Promoting a game by automatically embedding screenshots in social media sites is a common practice, particularly among developers whose games live on those social media platforms, as well as mobile developers.
However, Emma "Eniko" Maassen, of Kitsune Games, put a new spin on this for her indie roguelike MidBoss (not to be confused with 2064: Read Only Memories dev MidBoss), a traditional standalone PC game.
When a MidBoss player finishes a run—usually by dying—they can post a "death card" with the circumstances of their death or transcendence to Twitter. The embedded image doubles as a save files to allow other players to replay from the same seed or salvage loot from the failed run, since all of the information is steganographically encoded into the PNG image file.
Maassen sat down with Gamasutra to talk about the challenges and advantages of using steganography to share more than just text and pictures on social media.
Questions and answers have been edited for brevity and clarity.
Dead, to begin with
Where did the idea of MidBoss's death cards initially come from?
Emma "Eniko" Maassen: I like finding a place for old stuff I never really used in my projects. When we were working on the trailer for MidBoss, we came up with an idea to show parts of the game as trading cards in the trailer to show the volume of content in the game.
I made a card design for that, and that actually made it in the trailer. Around the same time, Alphabear was exploding on Twitter. And we'd been getting some feedback from people that they were sad there wasn't a meta progression system, like in (for instance) Rogue Legacy.
I decided to use the moment of the player's death since most runs end in death in MidBoss. The story that most players share with others when they talk about their experiences in roguelikes is how they died.
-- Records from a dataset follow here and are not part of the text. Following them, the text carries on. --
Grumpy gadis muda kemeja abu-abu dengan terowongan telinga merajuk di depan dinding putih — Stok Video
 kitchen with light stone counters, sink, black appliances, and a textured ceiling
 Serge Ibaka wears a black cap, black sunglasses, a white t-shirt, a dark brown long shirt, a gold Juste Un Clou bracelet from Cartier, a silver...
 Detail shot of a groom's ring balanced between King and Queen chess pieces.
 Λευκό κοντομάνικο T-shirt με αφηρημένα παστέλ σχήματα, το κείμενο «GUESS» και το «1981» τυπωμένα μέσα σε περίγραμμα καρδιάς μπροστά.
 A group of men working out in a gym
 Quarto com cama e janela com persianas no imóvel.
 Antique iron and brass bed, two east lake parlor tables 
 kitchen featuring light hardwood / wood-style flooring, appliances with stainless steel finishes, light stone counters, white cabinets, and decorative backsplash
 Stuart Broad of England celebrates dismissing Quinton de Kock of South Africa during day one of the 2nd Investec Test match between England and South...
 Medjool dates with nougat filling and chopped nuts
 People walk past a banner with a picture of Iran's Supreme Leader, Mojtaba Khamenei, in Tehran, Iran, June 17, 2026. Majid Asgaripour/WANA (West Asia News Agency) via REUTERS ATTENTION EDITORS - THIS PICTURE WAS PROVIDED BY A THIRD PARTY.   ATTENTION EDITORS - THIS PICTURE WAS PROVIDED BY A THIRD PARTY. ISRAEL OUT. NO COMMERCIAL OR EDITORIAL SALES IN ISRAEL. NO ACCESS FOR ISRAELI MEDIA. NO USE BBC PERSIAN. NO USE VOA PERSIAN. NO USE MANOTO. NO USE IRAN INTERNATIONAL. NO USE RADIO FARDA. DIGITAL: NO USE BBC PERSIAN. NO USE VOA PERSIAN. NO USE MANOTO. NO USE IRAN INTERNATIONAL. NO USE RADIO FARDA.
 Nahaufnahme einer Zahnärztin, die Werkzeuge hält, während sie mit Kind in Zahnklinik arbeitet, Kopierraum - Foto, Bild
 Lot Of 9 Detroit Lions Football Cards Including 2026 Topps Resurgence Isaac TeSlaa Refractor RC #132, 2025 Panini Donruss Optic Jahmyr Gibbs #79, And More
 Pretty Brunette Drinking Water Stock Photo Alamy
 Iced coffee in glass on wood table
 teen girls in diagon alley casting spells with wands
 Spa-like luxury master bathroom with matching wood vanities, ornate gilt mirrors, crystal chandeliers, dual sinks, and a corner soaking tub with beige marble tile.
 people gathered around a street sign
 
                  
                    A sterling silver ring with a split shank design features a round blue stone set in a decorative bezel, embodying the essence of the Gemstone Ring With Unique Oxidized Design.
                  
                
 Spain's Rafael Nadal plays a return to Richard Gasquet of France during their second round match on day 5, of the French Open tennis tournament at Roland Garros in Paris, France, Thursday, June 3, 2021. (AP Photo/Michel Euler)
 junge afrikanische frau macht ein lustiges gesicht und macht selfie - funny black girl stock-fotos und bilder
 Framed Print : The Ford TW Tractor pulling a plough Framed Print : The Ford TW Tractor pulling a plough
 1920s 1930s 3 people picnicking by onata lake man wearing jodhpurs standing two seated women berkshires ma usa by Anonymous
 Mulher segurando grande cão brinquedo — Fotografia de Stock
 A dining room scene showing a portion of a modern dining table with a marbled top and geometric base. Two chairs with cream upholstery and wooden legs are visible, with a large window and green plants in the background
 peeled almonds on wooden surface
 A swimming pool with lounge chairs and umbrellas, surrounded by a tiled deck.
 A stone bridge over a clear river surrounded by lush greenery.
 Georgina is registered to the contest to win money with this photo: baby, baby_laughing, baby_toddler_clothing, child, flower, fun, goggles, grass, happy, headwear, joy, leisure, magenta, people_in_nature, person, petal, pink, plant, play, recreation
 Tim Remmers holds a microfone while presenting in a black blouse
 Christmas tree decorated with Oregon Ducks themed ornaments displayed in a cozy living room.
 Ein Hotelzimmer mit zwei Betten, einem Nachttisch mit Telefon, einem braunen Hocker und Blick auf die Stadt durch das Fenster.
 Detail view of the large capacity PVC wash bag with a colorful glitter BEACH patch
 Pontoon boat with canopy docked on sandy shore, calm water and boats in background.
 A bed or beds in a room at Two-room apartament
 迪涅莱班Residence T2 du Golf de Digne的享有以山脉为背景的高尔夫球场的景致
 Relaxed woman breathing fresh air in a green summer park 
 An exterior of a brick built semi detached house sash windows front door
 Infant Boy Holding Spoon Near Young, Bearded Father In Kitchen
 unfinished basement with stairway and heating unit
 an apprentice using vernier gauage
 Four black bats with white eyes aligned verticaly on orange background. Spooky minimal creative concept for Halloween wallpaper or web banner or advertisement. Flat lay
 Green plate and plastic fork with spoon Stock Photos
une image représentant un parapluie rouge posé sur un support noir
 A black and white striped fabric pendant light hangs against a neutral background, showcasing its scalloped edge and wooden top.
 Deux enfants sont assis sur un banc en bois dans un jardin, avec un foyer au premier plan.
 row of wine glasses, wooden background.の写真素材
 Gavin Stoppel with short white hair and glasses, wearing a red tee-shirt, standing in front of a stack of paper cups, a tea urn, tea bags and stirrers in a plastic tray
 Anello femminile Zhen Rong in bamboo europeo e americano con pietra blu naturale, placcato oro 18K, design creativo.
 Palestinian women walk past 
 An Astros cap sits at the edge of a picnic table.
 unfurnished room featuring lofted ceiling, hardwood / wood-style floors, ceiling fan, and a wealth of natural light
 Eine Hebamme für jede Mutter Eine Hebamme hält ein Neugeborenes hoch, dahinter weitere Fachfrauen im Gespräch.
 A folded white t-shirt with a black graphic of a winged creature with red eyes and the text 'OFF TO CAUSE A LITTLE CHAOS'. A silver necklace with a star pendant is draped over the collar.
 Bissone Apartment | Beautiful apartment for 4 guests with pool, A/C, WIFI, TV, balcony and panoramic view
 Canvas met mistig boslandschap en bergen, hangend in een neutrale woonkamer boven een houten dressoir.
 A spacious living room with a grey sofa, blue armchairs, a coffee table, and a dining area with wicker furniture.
Got obliterated by an evil warlock! #LikeAMidBoss pic.twitter.com/CU2RMAQRKi
— Jay Allen (@a_man_in_black) January 16, 2018
I realized that I could combine my [already-made] steganography library with the card design [from the trailer], make it shareable on social media like Alphabear, and came up with the grave goods system (using the cards to carry over items from your inventory to a new game) to soften the blow of not having meta progression.
You had already developed a steganography library before working on MidBoss?
I created a library to do image steganography while I was working on the in-game music instrument playing system for Shroud of the Avatar.
"I was playing Champions Online. A friend sent me their character customization settings, but it was a picture that I could load into the game. It was like magic, so I looked up how they could've done it and [first] came across steganography."
Years ago, I was playing Champions Online. A friend sent me their character customization settings, but it was a picture that I could load into the game. It was like magic, so I looked up how they could've done it and [first] came across steganography.
[A couple years later,] Shroud of the Avatar was taking submissions for game content from backers, and one of their stretch goals had been a system where you can play instruments in game to make music. Mabinogi, which I used to play, and Archeage used MML files to do that. Lord of the Rings Online [and later Terraria] used ABC files. I [created] a framework that could parse the player-transcribed music for all of these games, to give me access to this wealth of playable music. (You can find the source code for the library on my Github.)
[As part of this project,] I created a library to do image steganography to be able to hide the music file data within a music scroll image with the actual notes printed on it. That experiment never went anywhere, though. I was working on this in my spare time and I just didn't have the time to figure out all the intricacies of rendering the bars of music into an image to share.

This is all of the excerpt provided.